How can I figure out the cost. Is it by sq foot or by linear foot.
He has 232' x 2' what is the best way to determin the charge for 
painting the trim. 



Thanks for your help
Alexandra


----------



## Brushslingers (Jul 28, 2006)

Trim is pretty much always per linear foot. The two doors should be your door price plus or minus priming. For instance... though your market will hold considerably more than mine, I charge 2.10 a linear foot for trim and 100.00 per door, 125.00 if there is a need to prime first. Good luck.


----------



## abonear (Jul 21, 2006)

Thanks for the reply. Now does your cost include primer, paint and sanding? Or that is your base and you go up from there.

Thanks for your help.
Alexandra


----------



## Brushslingers (Jul 28, 2006)

That would include materials and labor, it breaks down to 150 linear feet of caulk per tube, 500 linear feet of paint per gallon, sanding labor and painting labor.... divided into a per foot cost. Same with a door, special doors like exterior wood, would cost more as would double doors.

Really depends on your market and how good/fast you and your people are, my guys can run base and trim in a 1200 square house in less than a day and really, thats what its all about... making your daily costs. You should start there first, truck payments, lights, insurance etc... your own cost of living and divide into 30 days. Thats your target per day, after that its profit.

Good luck.


----------



## abonear (Jul 21, 2006)

*Need help again !!*

Hi everyone. 

Thanks for the above reply. I did not get the last job...doing a new
estimate. The problem with this one is Part of the front (Facing/Trim)
and back of the house is 2 feet wide. The side of the house is 1 feet.

So how would I add this 2 feet? Sample: Front of the house trim is
40' long 2' wide. 

Side Trim is 117' long and 1' wide. 

Since we go by linear foot does it matter? I would think so because
I still would have to calculate paint that will cover those 2'. So how
would I be able to estimate the paint and the cost. 

Can anyone help?

Thanks
Alex
California


----------



## Brushslingers (Jul 28, 2006)

Your talking soffit and fascia... thats a little different than just a linear foot of baseboard.  Now the last time I gave you a linear foot price I do trim at, however... exterior has different varibles, like.. how high? Takes time to move a ladder, etc. Best thing to do when you aren't sure how to price is think about how you would do it and how much time it would take. What you are describing i'd charge about 1400, depending on if I am doing doors, and windows however.. again... our prices will never match up. Soffit and fascia you are describing would take two gallons of paint for one coat, very little prep time. Have no idea about window trim, doors, etc... hope it helps though.


----------



## abonear (Jul 21, 2006)

Yes, your right, there lots of components and this is why people don't
understand why sometimes it takes time to figuer out an estimate.

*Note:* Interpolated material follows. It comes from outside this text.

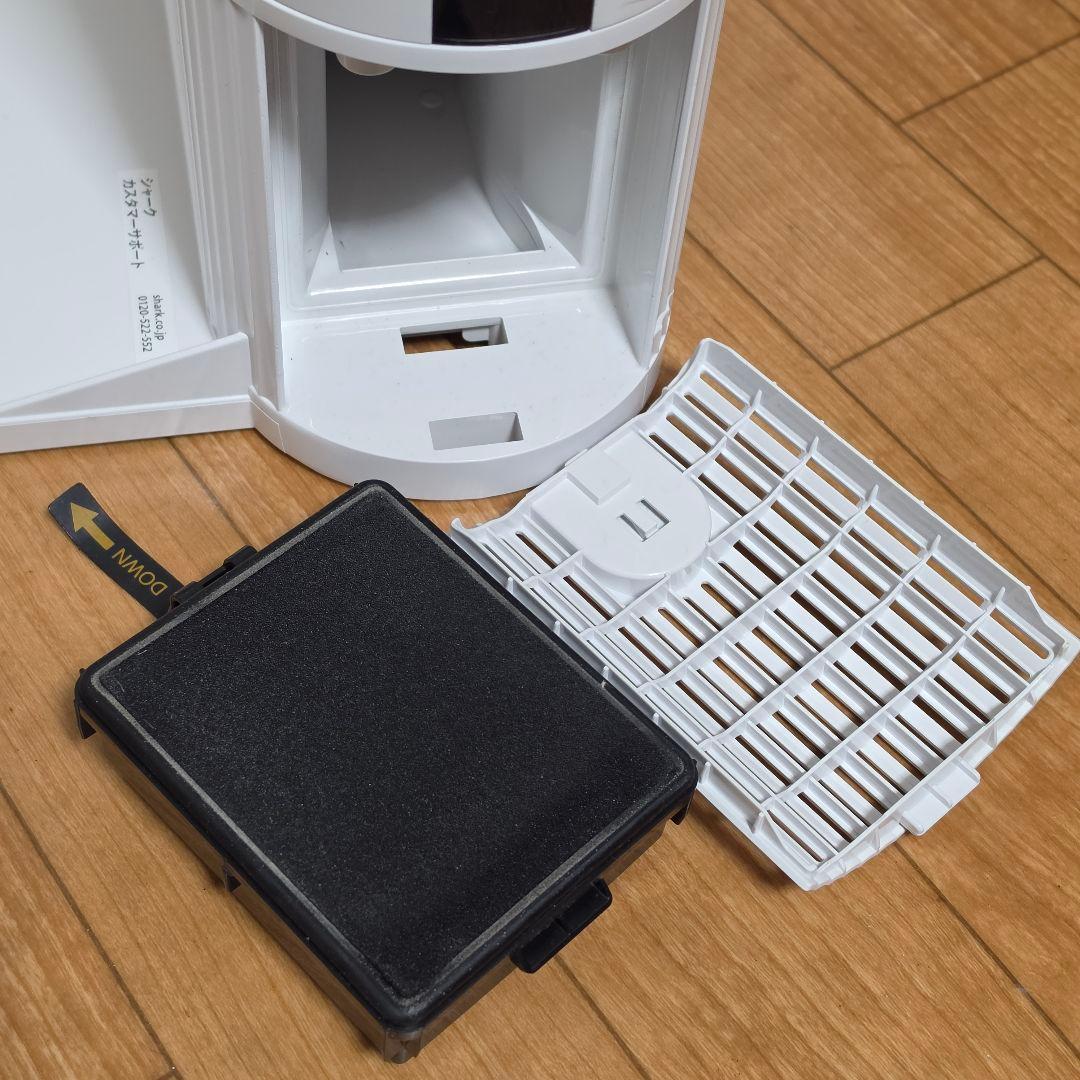 Shark コードレススティッククリーナー CS150JAE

I played with the numbers for ours now. This is what I sort of came up
with.

fascia/Soffit: 40' x 2' 
29' x 2'
4' x 2'
117' x 1'

The highest point of the house is 14' the lowest is 9'
minimal sanding. Windows have no trim. One door trim needs painting.
No Door painting.

$1580.00 but since now the customer wants an estimate for his house
to be painted as well, I was thinking half of that.

What do you think??? 

As always thanks for your help.
Alex


----------



## slickshift (Jun 14, 2005)

abonear said:


> $1580.00 but since now the customer wants an estimate for his house
> to be painted as well, I was thinking half of that.
> 
> What do you think???


Do not ever give someone a price break because they are "thinking of having more work done"
Not to be cynical, but when getting price quotes, they are all "thinking of having more work done"

Your price must stand on it's own and support itself when...sorry if...they decide to "just go with the trim for now"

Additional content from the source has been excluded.